Work required
All that is wanted is the exact lines from the one with "12 Der Hexer Von Paris" through the last line of the entries, with both ends kept and every picture left out.

※ ※ ※

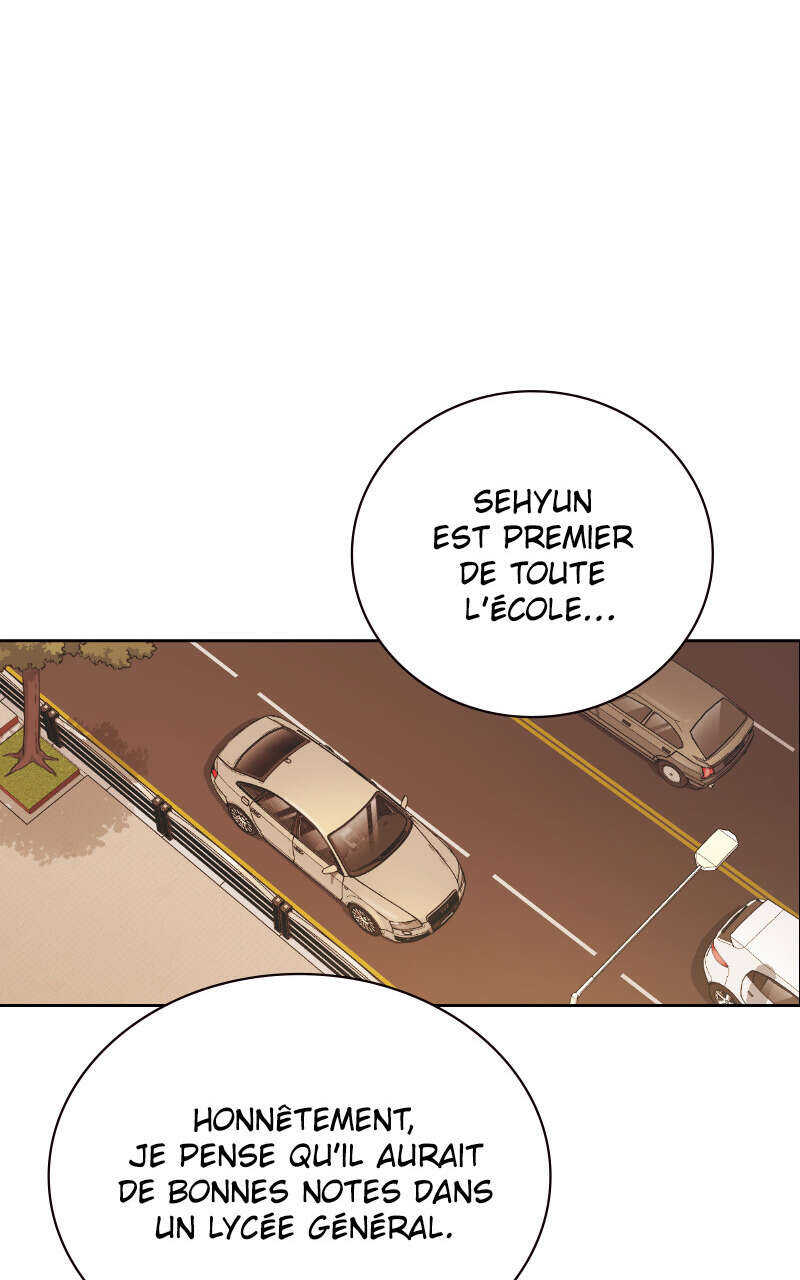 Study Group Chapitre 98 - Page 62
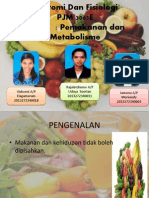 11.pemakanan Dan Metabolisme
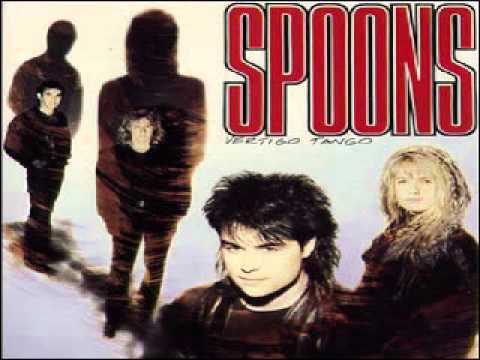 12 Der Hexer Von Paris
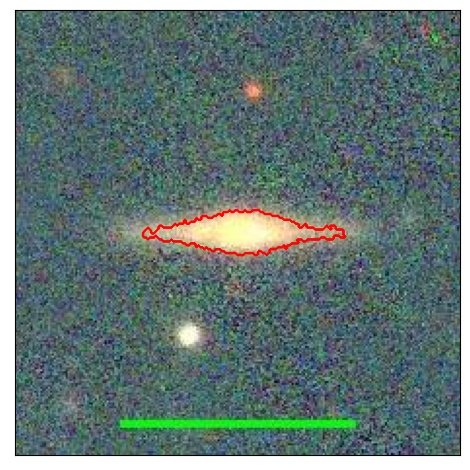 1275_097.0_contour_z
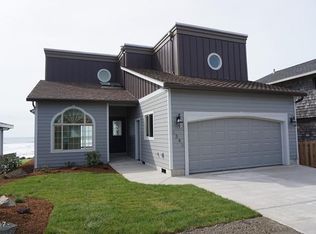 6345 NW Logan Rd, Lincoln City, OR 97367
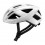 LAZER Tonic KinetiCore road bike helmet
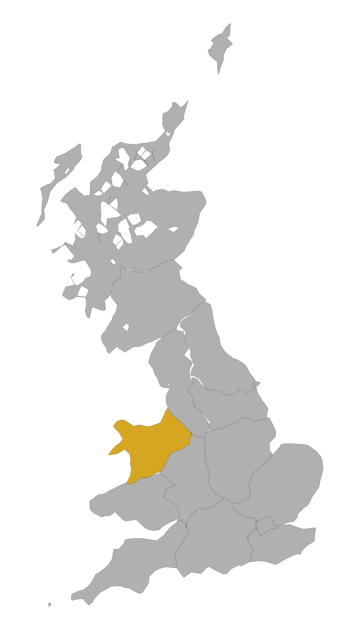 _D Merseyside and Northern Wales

※ ※ ※

Problem solution
 12 Der Hexer Von Paris
 1275_097.0_contour_z
 6345 NW Logan Rd, Lincoln City, OR 97367
 LAZER Tonic KinetiCore road bike helmet
 _D Merseyside and Northern Wales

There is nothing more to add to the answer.